Further connecting ICDs and drug addiction Brewer (2008) note how poor performance on a color-word Stroop task is an observable outcome of hypoactivation in the OFC due to cocaine abuse. Everitt et al. (2008) cite Volkow et al. (2001) in associating reduced OFC activity with reduced D2/3 receptors in the striatum. This correlation projects onto the idea that cocaine addicts, because of their reduced inhibitory control, show “impaired probabilistic reversal learning” (Everitt et al., 2008). Simplified, this means that cocaine abusers will choose more risky outcomes because of problems with predicting or evaluating outcomes (Everitt et al., 2008). This sounds very similar to Brewer’s (2008) model of ICD and indeed many parallels can be drawn in terms of consequence evaluation deficits. The difference comes from Everitt et al.’s (2008) emphasis on negative reinforcement as characteristic in OCD and compulsive drug seeking. A model which Brewer (2008) calls “egodystonic” in the sense that the repetitive behaviors the individual participates are not found to be pleasurable or congruent with their sense of self.

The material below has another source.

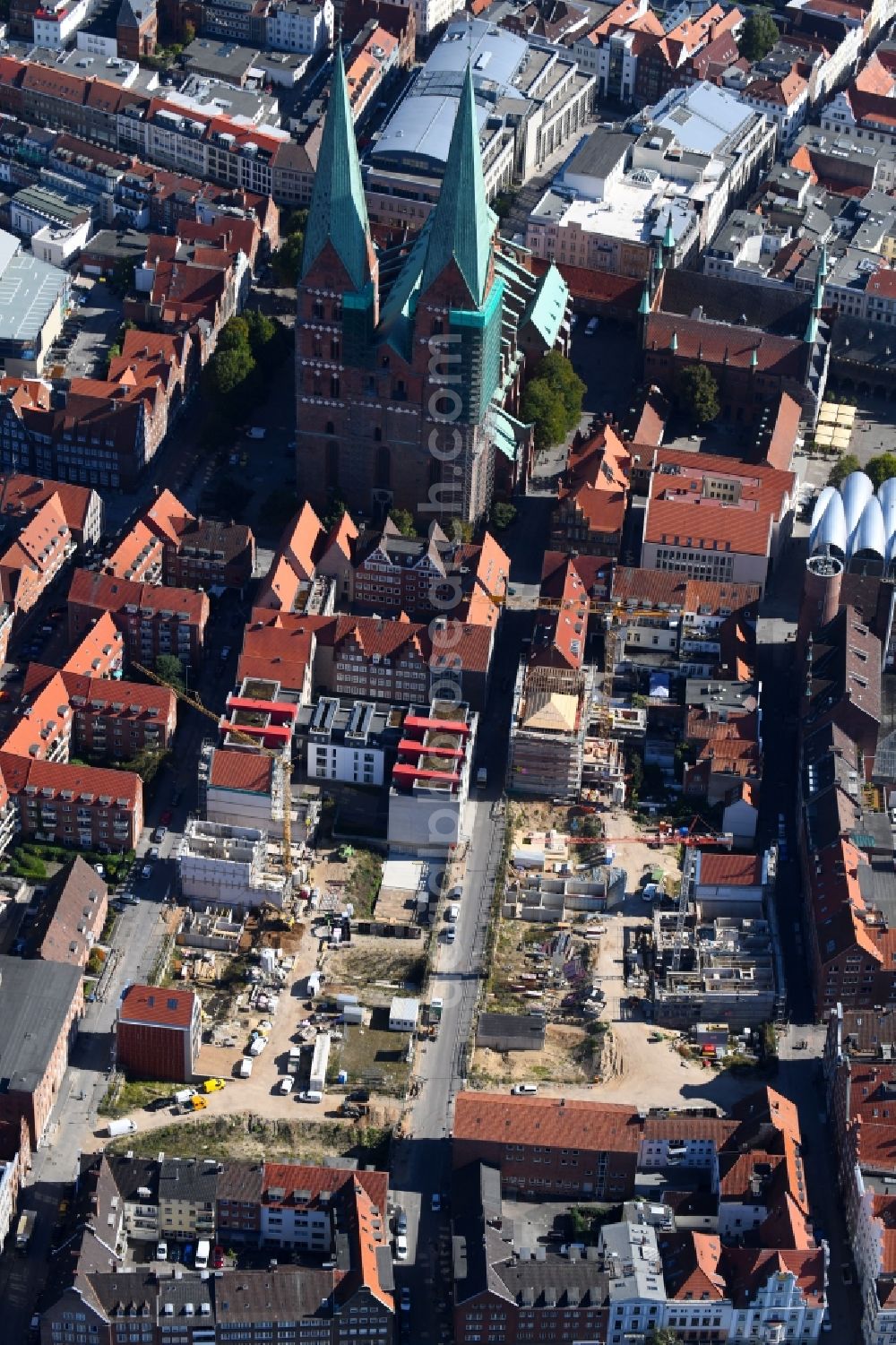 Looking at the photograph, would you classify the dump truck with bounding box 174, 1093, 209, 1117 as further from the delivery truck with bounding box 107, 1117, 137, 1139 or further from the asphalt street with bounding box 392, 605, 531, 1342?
the asphalt street with bounding box 392, 605, 531, 1342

In contrast Brewer (2008) calls ICD repetitive behaviors egosyntonic in that they are often pleasurable and related to sensation-seeking whereas OCD is concerned with harm avoidance, i.e. avoiding the negative emotional state.

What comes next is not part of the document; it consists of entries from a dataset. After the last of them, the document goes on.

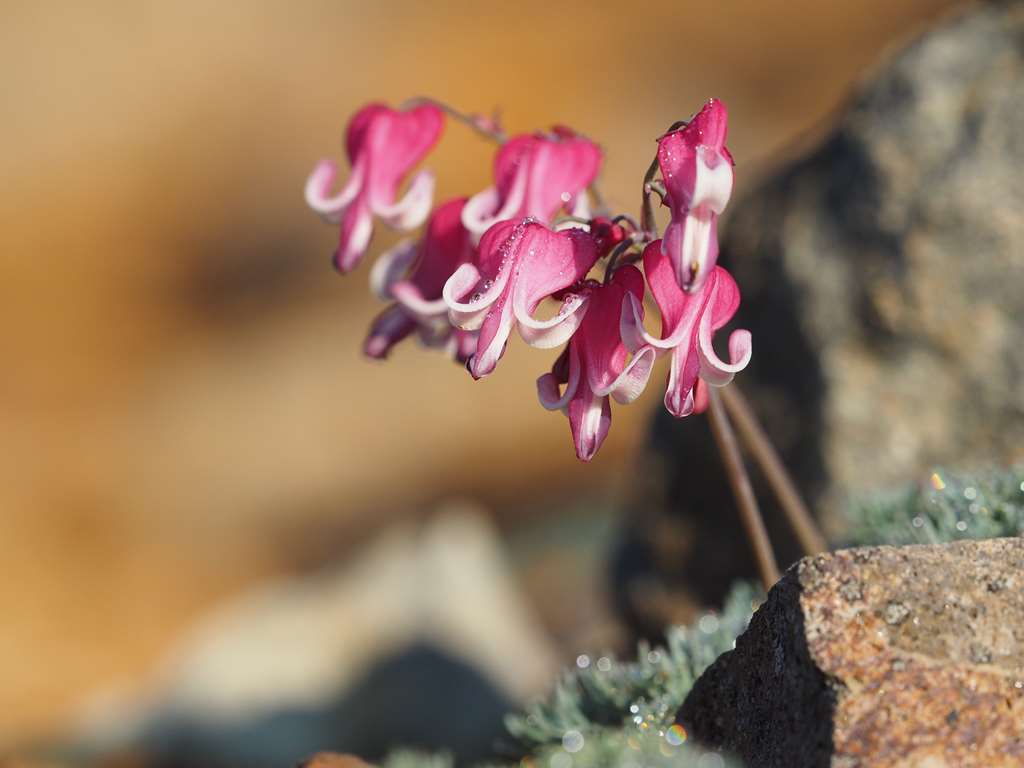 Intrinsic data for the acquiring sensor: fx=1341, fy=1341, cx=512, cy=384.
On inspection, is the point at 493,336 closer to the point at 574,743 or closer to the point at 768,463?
the point at 574,743

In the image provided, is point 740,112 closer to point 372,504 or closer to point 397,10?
point 397,10

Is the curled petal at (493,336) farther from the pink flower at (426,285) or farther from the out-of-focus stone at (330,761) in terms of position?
the out-of-focus stone at (330,761)

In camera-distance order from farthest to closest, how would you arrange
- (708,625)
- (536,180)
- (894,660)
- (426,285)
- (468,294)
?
(708,625) → (426,285) → (536,180) → (468,294) → (894,660)

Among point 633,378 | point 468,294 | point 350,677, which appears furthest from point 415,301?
point 350,677

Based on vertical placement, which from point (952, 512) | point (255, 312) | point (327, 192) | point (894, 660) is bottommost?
point (894, 660)

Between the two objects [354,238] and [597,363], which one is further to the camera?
[354,238]

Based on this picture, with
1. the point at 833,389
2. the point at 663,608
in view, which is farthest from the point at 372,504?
the point at 833,389

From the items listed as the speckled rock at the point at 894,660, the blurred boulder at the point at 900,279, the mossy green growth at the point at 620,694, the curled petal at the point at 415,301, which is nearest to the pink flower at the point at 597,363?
the speckled rock at the point at 894,660

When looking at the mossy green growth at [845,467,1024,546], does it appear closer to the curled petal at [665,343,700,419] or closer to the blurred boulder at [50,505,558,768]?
the curled petal at [665,343,700,419]

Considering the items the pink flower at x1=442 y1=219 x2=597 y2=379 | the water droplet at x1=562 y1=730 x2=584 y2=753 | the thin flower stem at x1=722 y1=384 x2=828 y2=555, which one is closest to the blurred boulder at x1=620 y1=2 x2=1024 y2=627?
the thin flower stem at x1=722 y1=384 x2=828 y2=555

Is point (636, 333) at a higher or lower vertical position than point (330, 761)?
higher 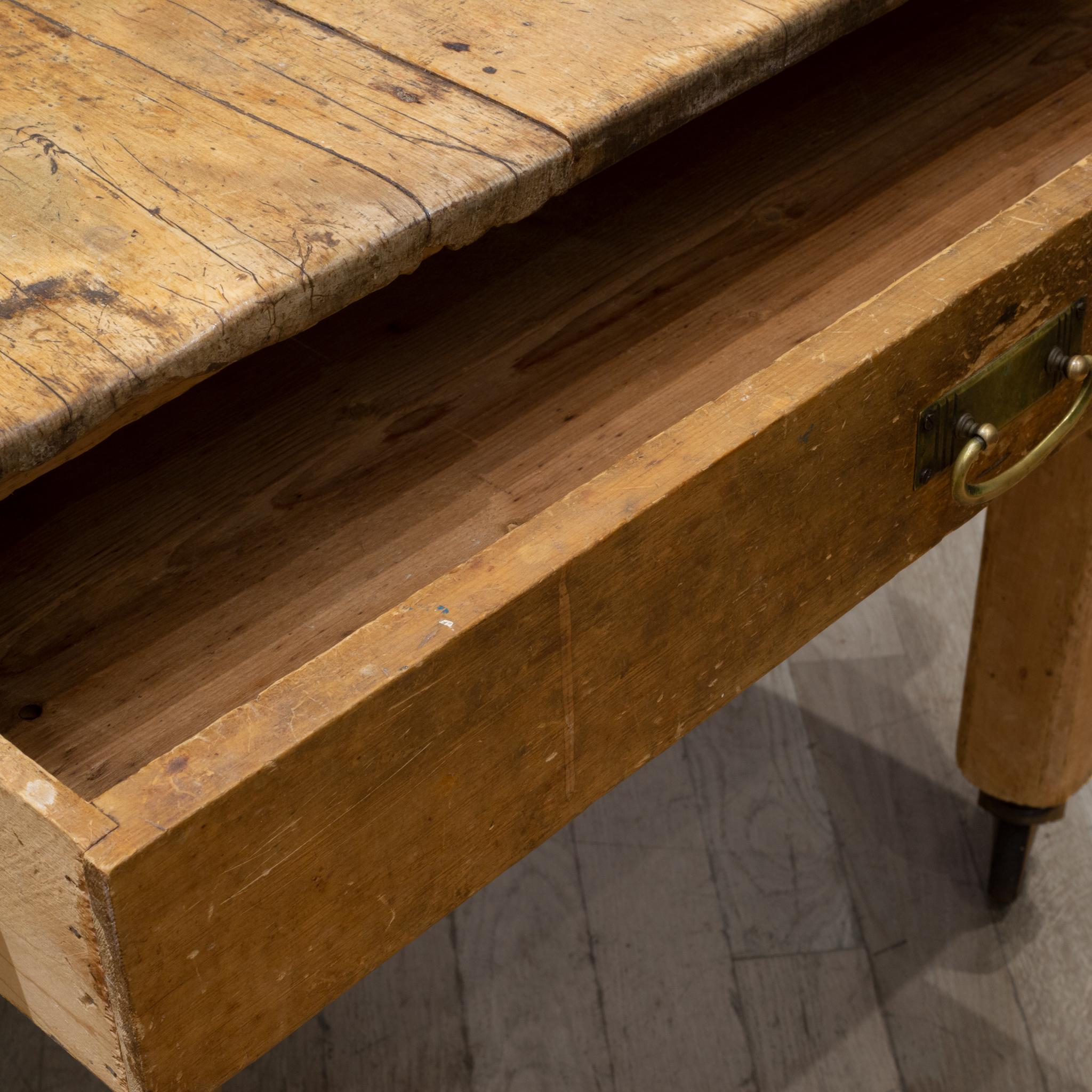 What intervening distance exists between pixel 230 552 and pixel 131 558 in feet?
0.13

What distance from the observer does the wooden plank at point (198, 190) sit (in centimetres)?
51

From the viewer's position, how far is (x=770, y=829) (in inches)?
46.8

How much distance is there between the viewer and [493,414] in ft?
2.25

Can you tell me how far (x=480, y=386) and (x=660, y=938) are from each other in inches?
22.0

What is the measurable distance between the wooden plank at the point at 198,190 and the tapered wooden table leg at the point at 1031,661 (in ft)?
1.60

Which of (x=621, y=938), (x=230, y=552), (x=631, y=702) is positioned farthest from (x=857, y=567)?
(x=621, y=938)

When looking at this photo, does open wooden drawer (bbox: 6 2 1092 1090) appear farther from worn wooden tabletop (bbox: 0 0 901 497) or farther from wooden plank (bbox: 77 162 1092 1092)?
worn wooden tabletop (bbox: 0 0 901 497)

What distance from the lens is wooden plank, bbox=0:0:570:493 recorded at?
0.51 metres

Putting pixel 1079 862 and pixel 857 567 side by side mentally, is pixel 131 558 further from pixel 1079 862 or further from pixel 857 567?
pixel 1079 862

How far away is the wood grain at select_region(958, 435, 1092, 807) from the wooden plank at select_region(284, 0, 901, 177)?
0.37 meters

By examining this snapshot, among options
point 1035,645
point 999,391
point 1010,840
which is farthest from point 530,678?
point 1010,840

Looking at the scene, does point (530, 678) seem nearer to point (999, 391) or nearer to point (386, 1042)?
point (999, 391)

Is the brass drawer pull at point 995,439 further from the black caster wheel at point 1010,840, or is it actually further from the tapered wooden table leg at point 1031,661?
the black caster wheel at point 1010,840

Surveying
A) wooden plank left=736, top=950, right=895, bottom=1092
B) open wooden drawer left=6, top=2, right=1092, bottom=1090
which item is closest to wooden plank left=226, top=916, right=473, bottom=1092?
wooden plank left=736, top=950, right=895, bottom=1092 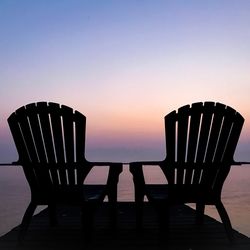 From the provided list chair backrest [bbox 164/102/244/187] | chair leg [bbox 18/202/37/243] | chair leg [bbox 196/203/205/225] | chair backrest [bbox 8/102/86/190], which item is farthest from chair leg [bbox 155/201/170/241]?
chair leg [bbox 18/202/37/243]

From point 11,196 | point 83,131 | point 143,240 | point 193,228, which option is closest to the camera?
point 83,131

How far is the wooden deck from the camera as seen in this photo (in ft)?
12.0

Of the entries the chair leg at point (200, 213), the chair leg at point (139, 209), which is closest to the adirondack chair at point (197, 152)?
the chair leg at point (139, 209)

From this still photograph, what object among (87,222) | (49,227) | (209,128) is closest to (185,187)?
(209,128)

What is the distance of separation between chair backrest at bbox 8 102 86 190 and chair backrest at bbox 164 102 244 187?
0.79 meters

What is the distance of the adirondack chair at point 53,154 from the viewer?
11.9ft

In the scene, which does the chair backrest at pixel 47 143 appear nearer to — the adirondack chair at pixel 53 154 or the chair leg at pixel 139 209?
the adirondack chair at pixel 53 154

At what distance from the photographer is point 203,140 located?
3.73m

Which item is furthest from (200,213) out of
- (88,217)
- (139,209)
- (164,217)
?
(88,217)

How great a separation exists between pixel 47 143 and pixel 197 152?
49.9 inches

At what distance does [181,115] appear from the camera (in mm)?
3686

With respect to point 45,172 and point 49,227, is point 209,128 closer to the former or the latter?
point 45,172

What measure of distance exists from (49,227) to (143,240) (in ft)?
3.76

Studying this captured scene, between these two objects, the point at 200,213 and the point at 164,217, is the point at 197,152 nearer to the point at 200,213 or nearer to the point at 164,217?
the point at 164,217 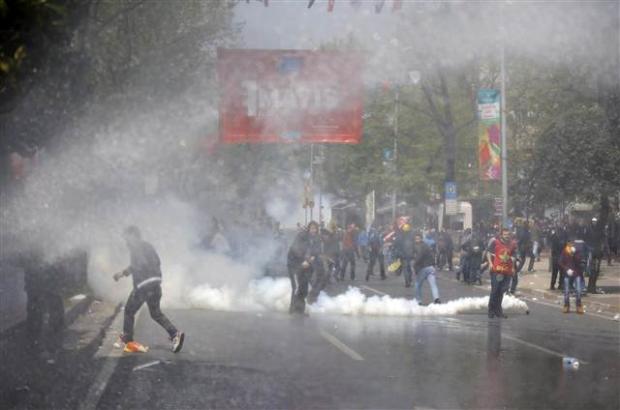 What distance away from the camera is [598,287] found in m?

Finally drawing from Everitt and Robbins (2005), these themes can be tied together with what is described as “action-learning outcomes.” In this model NMDA injections or D1 receptor antagonist administered during training will prohibit the learning of Pavlovian responses whereas administration after training will disrupt the consolidation of the response into memory (Everitt & Robbins, 2005). This is relevant because it shows that instrumental learning and outcome devaluation occur in OCD whereas inability to learn about future consequences is associated with ICDs. It would follow then that the pathology of addiction encompasses both aspects of ICDs and OCD and can fit either conceptual framework. The common theme as it applies to behavior and underpinning neural bases is the shift from liking something originating in the ventral striatum to desiring something in the dorsal striatum.

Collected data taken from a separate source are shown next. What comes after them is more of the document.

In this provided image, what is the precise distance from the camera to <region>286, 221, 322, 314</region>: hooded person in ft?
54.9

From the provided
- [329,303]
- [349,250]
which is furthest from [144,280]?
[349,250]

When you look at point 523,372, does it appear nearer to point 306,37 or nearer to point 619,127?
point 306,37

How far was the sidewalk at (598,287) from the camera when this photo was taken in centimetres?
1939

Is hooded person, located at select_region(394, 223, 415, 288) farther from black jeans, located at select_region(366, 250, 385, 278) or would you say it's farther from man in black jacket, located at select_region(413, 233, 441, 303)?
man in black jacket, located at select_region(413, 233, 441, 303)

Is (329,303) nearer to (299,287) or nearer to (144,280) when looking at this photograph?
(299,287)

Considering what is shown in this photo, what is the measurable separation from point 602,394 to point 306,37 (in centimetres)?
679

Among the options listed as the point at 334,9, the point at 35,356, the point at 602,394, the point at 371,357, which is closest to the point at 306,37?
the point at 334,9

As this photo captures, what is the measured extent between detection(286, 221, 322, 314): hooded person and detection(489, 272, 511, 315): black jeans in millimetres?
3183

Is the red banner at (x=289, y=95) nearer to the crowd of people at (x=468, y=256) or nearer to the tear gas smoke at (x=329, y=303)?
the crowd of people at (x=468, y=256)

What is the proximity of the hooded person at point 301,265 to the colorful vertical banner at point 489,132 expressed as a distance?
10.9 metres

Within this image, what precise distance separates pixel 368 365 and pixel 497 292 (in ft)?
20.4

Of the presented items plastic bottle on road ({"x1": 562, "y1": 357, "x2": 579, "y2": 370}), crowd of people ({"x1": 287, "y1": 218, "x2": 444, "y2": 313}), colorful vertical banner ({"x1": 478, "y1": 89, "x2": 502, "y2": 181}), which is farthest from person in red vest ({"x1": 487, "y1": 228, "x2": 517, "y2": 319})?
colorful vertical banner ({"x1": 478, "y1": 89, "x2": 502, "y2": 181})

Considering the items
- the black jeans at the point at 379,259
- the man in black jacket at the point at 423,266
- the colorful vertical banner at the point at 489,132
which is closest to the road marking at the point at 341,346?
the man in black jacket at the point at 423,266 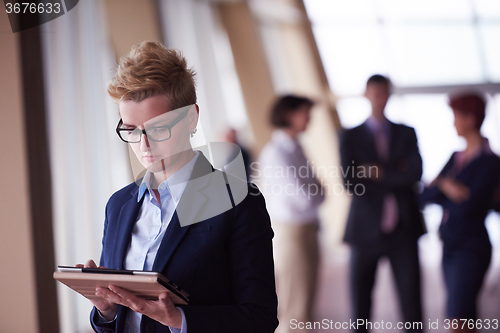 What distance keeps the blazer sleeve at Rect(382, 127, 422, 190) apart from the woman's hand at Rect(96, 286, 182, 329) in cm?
238

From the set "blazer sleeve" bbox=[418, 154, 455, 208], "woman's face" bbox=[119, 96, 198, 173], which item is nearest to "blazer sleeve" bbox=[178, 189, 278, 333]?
"woman's face" bbox=[119, 96, 198, 173]

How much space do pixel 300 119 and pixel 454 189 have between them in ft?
3.95

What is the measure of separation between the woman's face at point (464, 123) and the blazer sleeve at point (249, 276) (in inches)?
102

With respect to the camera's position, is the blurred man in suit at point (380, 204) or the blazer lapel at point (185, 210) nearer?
the blazer lapel at point (185, 210)

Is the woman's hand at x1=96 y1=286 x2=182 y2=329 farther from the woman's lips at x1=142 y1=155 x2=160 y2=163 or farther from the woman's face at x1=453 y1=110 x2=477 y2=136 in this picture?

Brewer, J.A., & Potenza, M.N. (2008). The neurobiology and genetics of impulse control disorders: Relationships to drug addictions. Biochemical Pharmacology, 75(1), 63-75.
Everitt, B.J., & Robbins, T.W. (2005). Neural systems of reinforcement for drug addiction: from actions to habits to compulsion. Nature Neuroscience. 8(11), 1481-1489.
Everitt, B.J., Belin, D., Economidou, D., Pelloux, Y., Dalley, J.W., & Robbins, T.W. (2008). Neural mechanisms underlying the vulnerability to develop compulsive drug-seeking habits and addiction. Philosophical transactions of the royal society B. 363(1507). 3125-3135.